Saeka Matsuyama
violin | Japan, °1980
 
Japanese violinist Saeka Matsuyama has made concerto appearances with many of Japan’s leading orchestras, including the Tokyo and Shin Nippon Philharmonics, the Yomiuri Symphony, the Sapporo Symphony Orchestra, the Osaka Philharmonic Orchestra. She has also given recitals and made orchestral appearances in the US, Spain, Germany, Belgium, Eastern Mediterranean, and Argentina, and was invited to perform as a featured soloist in “Goodbye Alice,” a special concert commemorating the beginning of renovations to Lincoln Center’s Alice Tully Hall.

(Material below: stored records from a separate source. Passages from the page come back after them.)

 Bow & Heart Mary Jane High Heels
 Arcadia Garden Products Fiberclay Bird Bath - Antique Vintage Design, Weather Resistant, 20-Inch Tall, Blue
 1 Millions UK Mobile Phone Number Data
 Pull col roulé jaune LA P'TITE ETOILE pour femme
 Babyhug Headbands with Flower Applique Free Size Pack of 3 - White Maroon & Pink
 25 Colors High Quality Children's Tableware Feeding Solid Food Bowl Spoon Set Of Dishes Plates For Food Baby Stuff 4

The recipient of an S&R Washington Award, Saeka Matsuyama has also received top prizes from the 2007 S&R Foundation, the 2005 Juilliard/Lehigh Valley Chamber Orchestra Soloist Auditions, the 2004 Sendai International Violin Competition and the 2003 Hannover International Violin Competition. A winner of Astral Artists’ 2006 National Auditions, she was also the recipient of the Tchaikovsky Prize at the II Tchaikovsky International Competition for Young Musicians and received first prizes in the Juilliard Pre-College competitions.

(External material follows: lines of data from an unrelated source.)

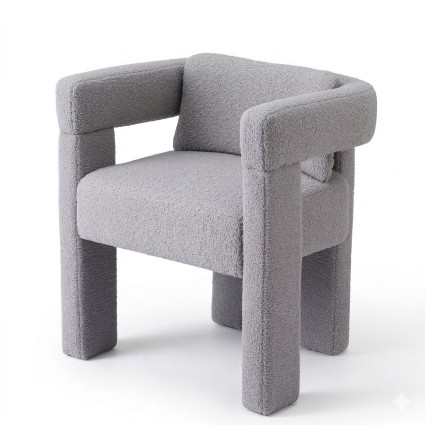 Artiss Boucle Armchair Grey Accent Chair Lounge Sofa with Pine Wood Legs and Wide Armrests 150kg Capacity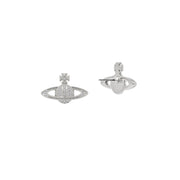 Vivienne Westwood Platinum Crystal Mini Bas Relief Earrings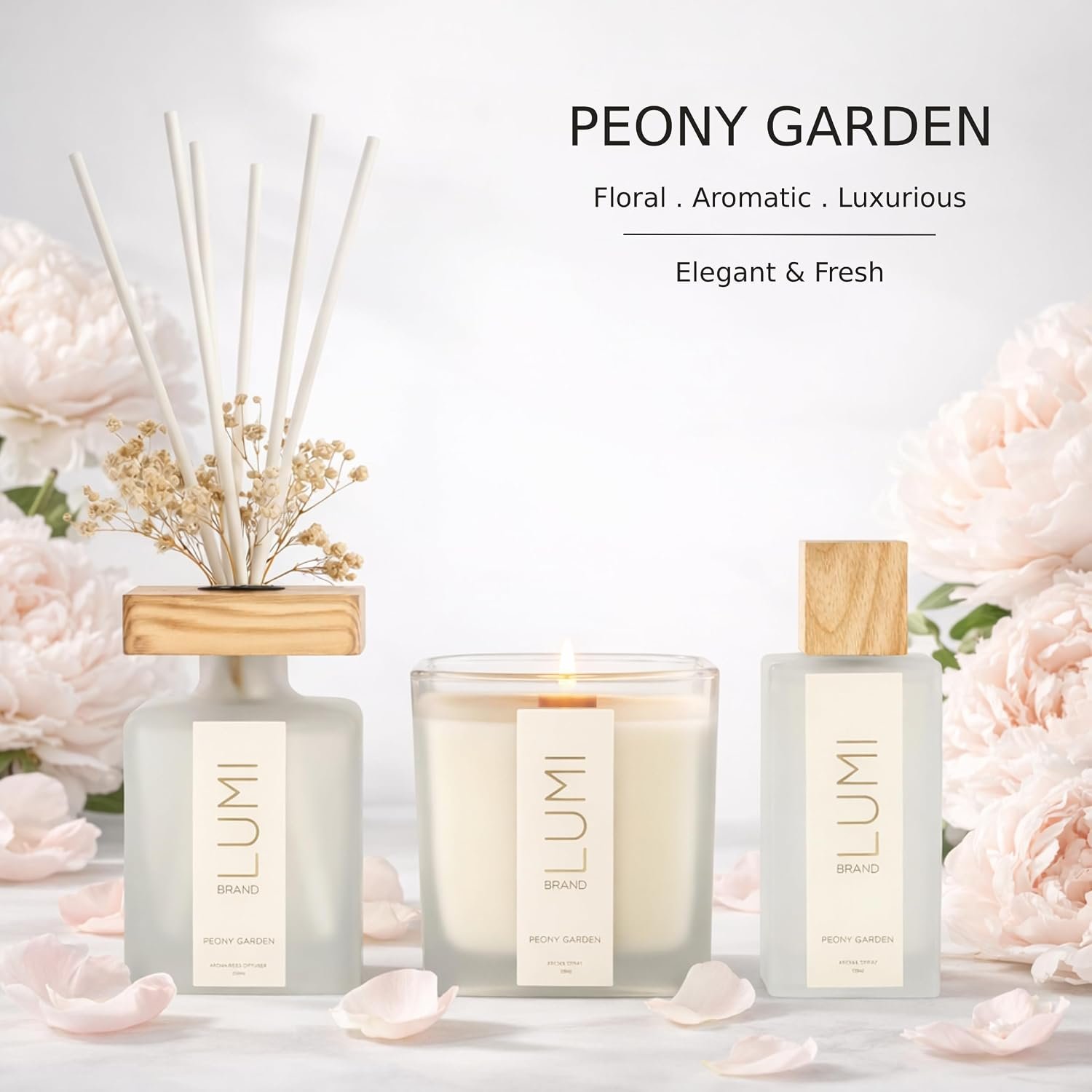 Luxury Aroma Gift Set | Peony Garden Scent - Reed Diffuser (200ml), Wood Wick Soy Candle (200g), Room Spray (50ml) | Includes Dried Flowers & 8 Reeds | Luxurious Fragrance for Home Décor | Great Gifts - Image 3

She has participated in such internationally renowned summer festivals as the Marlboro Music Festival, Schleswig-Holstein Music Academy, Tanglewood Music Festival, Accademia Musicale di Siena, Encore School for Strings, Aspen Music Festival, Meadowmount School of Music, and the Music Masters Course in Kazusa, Chiba, Japan. She has also appeared in Sendai Music Festival and La Folle Journée in Japan. In 2010, she became a professor at the New York Summer Music Festival.

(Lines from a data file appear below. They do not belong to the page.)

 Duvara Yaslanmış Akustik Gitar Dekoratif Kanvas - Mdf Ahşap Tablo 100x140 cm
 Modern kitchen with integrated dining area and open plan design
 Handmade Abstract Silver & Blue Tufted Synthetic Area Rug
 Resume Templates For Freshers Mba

Saeka Matsuyama began violin studies at the age of two. She moved to New York from Japan at nine, when she enrolled in Juilliard’s Pre-College program under Dorothy DeLay and Robert Chen. She graduated from The Juilliard School, where she studied with Glenn Dicterow, Ronald Copes, and Michael Gilbert. She currently conducts private masterclasses in the US and Japan, and has served as a teaching assistant for Ronald Copes at Juilliard. Juilliard has acknowledged her artistic excellence with several scholarships, including the prestigious Dorothy DeLay Scholarship as well as the Irene Diamond Graduate Fellowship, the Teplitsky Memorial Scholarship, and the Jean Doyle Loomis Scholarship.